── Input material

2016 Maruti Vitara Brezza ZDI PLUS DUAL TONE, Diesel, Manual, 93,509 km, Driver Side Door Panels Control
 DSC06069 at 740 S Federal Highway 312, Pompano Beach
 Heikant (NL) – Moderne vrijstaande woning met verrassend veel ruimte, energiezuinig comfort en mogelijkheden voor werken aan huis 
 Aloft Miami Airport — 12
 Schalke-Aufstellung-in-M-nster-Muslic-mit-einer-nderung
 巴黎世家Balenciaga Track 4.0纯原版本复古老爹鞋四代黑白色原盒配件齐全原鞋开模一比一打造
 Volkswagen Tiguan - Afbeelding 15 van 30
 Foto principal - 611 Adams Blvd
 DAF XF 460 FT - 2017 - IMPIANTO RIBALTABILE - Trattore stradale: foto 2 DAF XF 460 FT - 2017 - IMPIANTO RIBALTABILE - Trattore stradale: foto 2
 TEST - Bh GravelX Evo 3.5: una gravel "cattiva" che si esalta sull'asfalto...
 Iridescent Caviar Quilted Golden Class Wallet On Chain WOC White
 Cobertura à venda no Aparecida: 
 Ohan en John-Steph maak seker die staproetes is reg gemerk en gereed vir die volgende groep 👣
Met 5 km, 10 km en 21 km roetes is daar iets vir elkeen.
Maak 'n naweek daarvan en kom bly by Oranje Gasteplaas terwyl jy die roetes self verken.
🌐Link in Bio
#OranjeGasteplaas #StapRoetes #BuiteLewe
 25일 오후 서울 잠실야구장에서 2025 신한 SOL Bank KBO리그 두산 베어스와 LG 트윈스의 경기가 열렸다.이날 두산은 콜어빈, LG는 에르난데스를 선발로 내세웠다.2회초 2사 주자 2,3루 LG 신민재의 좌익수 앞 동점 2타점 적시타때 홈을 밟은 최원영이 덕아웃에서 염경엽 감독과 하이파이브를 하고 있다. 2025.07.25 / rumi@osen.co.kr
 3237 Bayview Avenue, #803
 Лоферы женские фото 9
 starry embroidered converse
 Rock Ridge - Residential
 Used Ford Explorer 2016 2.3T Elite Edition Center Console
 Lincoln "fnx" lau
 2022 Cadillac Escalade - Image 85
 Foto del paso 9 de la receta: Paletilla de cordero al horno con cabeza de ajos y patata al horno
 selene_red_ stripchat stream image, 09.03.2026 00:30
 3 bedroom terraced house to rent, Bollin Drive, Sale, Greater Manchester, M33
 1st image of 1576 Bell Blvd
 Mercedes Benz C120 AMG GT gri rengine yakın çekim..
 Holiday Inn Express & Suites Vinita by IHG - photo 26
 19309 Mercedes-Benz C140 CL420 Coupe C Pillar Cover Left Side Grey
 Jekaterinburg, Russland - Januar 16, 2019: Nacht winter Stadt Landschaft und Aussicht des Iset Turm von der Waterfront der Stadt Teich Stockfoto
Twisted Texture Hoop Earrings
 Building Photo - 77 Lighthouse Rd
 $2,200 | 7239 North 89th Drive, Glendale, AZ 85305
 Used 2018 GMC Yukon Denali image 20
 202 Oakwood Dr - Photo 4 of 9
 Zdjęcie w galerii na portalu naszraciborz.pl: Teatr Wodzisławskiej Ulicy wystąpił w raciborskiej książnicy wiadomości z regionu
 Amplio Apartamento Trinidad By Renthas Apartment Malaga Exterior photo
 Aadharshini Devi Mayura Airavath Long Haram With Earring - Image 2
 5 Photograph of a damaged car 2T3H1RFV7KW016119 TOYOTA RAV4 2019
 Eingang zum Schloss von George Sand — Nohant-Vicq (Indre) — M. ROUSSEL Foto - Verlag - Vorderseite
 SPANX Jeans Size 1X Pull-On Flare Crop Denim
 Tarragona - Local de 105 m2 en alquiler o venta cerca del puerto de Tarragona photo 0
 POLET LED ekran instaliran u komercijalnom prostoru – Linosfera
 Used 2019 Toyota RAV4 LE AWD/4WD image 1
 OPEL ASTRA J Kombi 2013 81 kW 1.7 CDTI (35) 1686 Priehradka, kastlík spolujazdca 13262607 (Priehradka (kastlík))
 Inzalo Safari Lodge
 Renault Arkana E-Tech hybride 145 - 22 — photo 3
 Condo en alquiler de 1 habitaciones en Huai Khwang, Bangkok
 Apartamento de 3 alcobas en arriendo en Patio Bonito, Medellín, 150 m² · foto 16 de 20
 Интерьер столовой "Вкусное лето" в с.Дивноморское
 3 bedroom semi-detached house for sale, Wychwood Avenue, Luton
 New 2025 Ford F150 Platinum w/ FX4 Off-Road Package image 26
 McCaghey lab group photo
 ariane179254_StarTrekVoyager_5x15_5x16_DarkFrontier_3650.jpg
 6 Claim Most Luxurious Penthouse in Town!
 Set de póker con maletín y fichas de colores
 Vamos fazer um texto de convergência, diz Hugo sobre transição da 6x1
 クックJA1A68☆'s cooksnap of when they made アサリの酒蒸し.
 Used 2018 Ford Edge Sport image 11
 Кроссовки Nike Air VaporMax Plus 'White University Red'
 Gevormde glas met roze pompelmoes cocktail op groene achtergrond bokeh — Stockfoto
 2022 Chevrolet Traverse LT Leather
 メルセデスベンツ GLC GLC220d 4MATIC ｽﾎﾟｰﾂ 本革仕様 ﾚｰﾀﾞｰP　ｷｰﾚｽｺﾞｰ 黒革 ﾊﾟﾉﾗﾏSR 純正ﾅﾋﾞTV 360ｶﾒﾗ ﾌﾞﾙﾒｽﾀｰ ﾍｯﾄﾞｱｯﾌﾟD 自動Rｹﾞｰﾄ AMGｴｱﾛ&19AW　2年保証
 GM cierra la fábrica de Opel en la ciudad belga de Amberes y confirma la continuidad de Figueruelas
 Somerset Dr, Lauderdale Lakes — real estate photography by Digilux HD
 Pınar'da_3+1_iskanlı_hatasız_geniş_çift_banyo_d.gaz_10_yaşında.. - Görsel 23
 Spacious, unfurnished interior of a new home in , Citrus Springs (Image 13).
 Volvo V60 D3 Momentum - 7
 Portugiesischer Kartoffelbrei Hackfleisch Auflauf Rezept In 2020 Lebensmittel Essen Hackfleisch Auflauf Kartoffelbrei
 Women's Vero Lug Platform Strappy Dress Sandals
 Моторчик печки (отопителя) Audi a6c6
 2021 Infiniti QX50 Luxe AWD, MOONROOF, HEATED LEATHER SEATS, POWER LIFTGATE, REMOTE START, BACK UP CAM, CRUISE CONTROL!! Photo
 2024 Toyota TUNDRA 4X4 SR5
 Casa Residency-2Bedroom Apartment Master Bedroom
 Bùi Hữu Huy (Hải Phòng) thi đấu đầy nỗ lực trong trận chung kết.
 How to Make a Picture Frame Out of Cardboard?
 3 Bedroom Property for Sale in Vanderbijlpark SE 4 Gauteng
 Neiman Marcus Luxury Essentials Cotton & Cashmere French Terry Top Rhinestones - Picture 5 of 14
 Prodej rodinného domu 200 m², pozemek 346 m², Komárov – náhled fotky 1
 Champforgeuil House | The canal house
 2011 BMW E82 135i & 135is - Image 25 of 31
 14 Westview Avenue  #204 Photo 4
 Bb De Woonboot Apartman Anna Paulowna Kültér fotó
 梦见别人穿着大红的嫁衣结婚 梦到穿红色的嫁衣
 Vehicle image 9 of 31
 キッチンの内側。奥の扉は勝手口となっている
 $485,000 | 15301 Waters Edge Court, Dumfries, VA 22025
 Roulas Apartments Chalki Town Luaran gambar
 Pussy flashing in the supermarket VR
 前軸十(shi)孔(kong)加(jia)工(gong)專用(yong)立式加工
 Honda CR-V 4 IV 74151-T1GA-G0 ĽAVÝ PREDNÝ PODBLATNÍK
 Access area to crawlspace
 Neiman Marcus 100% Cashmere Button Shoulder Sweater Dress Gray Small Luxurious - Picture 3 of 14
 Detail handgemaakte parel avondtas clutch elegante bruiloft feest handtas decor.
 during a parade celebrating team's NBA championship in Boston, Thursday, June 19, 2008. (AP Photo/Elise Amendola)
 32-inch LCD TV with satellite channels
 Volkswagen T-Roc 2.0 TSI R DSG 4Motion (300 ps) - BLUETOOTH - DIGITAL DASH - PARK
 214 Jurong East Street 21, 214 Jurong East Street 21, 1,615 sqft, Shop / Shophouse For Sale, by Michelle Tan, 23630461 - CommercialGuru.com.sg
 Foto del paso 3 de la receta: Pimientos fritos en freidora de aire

────

What is being asked → The range runs from the line above containing "Mercedes Benz C120" to the line containing "Glendale, AZ 85305", inclusive. Restate those lines word for word and no others.

Response for this exercise →
 Mercedes Benz C120 AMG GT gri rengine yakın çekim..
 Holiday Inn Express & Suites Vinita by IHG - photo 26
 19309 Mercedes-Benz C140 CL420 Coupe C Pillar Cover Left Side Grey
 Jekaterinburg, Russland - Januar 16, 2019: Nacht winter Stadt Landschaft und Aussicht des Iset Turm von der Waterfront der Stadt Teich Stockfoto
Twisted Texture Hoop Earrings
 Building Photo - 77 Lighthouse Rd
 $2,200 | 7239 North 89th Drive, Glendale, AZ 85305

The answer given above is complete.